▶ ASSIGNMENT: Please quote exactly the opening lines of the data, from the first line to the one where "Boğulma tehlikesi geçiren" appears.
Segment Open
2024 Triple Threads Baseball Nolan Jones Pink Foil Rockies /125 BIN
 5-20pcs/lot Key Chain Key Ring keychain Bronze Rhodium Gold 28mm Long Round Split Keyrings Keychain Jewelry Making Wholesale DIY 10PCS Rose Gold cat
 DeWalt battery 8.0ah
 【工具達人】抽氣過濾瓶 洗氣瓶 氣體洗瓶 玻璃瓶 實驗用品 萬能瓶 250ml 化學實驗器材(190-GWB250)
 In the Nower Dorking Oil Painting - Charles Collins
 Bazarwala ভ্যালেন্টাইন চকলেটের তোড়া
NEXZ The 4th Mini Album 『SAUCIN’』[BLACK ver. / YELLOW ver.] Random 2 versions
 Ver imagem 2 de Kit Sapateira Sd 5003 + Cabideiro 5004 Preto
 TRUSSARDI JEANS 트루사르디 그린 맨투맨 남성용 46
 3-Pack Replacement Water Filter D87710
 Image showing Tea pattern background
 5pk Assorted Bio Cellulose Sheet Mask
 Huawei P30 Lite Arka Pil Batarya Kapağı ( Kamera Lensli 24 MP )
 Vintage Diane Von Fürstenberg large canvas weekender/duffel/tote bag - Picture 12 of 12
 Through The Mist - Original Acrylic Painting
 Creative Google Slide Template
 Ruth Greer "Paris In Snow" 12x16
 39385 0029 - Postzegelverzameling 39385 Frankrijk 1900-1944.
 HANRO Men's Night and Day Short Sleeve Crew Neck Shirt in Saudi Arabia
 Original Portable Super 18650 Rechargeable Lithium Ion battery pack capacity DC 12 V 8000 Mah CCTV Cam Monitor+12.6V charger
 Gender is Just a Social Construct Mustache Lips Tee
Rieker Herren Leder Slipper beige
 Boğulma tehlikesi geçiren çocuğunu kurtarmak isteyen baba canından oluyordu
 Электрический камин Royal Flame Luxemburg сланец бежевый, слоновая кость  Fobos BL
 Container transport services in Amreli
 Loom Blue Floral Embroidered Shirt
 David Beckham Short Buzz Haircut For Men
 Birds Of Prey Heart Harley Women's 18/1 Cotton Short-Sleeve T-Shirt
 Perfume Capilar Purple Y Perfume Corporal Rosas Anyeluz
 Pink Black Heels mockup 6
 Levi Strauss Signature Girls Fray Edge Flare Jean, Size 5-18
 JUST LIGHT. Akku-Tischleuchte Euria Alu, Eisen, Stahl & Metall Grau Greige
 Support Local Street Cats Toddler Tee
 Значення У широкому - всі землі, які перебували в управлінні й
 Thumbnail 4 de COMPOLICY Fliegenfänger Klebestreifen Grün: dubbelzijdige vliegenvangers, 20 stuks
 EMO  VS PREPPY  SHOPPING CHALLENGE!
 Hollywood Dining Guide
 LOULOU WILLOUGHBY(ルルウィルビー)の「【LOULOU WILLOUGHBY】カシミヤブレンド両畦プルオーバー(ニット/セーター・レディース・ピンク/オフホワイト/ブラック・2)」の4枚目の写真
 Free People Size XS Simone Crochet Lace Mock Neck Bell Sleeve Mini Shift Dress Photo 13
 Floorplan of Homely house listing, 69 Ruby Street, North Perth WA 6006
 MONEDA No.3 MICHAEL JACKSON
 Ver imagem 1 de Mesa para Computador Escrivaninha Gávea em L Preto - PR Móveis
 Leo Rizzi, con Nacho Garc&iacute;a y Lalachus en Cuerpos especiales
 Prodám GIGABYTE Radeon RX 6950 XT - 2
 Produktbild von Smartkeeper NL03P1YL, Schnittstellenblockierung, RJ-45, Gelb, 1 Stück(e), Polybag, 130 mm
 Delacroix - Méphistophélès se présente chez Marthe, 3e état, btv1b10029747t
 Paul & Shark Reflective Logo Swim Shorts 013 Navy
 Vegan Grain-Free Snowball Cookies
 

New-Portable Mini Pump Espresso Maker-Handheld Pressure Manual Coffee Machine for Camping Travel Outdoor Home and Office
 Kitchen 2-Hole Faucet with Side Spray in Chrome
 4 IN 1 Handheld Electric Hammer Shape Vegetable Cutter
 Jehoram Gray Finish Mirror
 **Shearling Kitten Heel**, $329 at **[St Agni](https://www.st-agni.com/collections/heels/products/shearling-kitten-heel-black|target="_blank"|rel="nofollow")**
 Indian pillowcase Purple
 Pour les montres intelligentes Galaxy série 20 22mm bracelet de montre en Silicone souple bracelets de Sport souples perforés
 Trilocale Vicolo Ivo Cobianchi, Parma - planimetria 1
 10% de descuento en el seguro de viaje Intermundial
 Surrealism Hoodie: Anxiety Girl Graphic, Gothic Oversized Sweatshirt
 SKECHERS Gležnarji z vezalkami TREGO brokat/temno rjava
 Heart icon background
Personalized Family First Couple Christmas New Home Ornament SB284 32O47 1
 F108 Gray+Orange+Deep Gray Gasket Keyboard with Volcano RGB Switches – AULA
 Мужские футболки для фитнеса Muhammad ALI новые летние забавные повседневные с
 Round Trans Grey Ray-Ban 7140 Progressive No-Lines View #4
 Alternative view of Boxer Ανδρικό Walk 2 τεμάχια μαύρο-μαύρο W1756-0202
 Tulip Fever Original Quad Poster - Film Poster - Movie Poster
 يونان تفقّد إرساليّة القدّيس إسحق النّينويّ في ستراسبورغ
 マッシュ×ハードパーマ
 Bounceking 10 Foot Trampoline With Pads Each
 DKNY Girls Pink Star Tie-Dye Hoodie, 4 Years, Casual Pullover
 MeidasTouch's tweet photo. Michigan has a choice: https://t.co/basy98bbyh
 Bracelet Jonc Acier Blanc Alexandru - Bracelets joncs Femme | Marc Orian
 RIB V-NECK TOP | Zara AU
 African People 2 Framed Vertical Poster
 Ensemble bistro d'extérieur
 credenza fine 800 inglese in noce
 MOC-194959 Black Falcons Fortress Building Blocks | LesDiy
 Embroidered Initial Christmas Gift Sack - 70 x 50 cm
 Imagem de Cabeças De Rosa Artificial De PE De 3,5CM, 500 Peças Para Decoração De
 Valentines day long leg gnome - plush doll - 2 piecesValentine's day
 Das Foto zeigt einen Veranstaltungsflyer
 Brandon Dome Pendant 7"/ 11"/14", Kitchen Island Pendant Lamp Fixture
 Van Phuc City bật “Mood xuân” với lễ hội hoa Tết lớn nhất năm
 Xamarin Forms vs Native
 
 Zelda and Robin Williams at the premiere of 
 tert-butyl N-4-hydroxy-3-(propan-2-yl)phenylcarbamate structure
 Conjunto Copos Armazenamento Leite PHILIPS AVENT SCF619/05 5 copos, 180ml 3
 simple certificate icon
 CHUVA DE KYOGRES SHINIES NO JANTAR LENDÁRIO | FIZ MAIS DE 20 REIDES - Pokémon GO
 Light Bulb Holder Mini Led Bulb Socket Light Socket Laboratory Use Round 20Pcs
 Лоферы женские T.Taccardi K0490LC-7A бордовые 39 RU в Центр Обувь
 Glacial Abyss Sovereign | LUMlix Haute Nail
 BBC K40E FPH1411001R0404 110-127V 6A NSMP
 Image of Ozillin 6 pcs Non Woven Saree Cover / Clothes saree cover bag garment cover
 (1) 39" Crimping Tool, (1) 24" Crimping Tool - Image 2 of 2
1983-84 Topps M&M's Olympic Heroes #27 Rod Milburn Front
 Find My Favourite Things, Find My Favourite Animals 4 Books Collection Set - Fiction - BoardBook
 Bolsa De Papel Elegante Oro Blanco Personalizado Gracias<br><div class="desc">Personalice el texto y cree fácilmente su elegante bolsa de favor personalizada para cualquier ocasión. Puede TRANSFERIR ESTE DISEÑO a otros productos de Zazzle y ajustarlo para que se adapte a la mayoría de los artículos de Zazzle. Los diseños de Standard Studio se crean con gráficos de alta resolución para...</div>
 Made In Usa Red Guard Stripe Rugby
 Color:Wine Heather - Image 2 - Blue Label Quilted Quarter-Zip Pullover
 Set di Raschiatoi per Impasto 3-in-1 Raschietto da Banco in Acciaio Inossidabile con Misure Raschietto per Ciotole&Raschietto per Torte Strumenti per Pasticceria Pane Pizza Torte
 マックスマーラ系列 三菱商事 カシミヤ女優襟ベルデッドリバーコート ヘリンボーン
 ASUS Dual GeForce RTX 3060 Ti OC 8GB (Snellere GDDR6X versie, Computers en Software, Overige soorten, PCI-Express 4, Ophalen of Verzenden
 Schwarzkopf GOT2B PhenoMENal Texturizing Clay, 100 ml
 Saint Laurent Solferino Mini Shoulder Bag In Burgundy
Segment Closed
▶ WRITTEN ANSWER:
2024 Triple Threads Baseball Nolan Jones Pink Foil Rockies /125 BIN
 5-20pcs/lot Key Chain Key Ring keychain Bronze Rhodium Gold 28mm Long Round Split Keyrings Keychain Jewelry Making Wholesale DIY 10PCS Rose Gold cat
 DeWalt battery 8.0ah
 【工具達人】抽氣過濾瓶 洗氣瓶 氣體洗瓶 玻璃瓶 實驗用品 萬能瓶 250ml 化學實驗器材(190-GWB250)
 In the Nower Dorking Oil Painting - Charles Collins
 Bazarwala ভ্যালেন্টাইন চকলেটের তোড়া
NEXZ The 4th Mini Album 『SAUCIN’』[BLACK ver. / YELLOW ver.] Random 2 versions
 Ver imagem 2 de Kit Sapateira Sd 5003 + Cabideiro 5004 Preto
 TRUSSARDI JEANS 트루사르디 그린 맨투맨 남성용 46
 3-Pack Replacement Water Filter D87710
 Image showing Tea pattern background
 5pk Assorted Bio Cellulose Sheet Mask
 Huawei P30 Lite Arka Pil Batarya Kapağı ( Kamera Lensli 24 MP )
 Vintage Diane Von Fürstenberg large canvas weekender/duffel/tote bag - Picture 12 of 12
 Through The Mist - Original Acrylic Painting
 Creative Google Slide Template
 Ruth Greer "Paris In Snow" 12x16
 39385 0029 - Postzegelverzameling 39385 Frankrijk 1900-1944.
 HANRO Men's Night and Day Short Sleeve Crew Neck Shirt in Saudi Arabia
 Original Portable Super 18650 Rechargeable Lithium Ion battery pack capacity DC 12 V 8000 Mah CCTV Cam Monitor+12.6V charger
 Gender is Just a Social Construct Mustache Lips Tee
Rieker Herren Leder Slipper beige
 Boğulma tehlikesi geçiren çocuğunu kurtarmak isteyen baba canından oluyordu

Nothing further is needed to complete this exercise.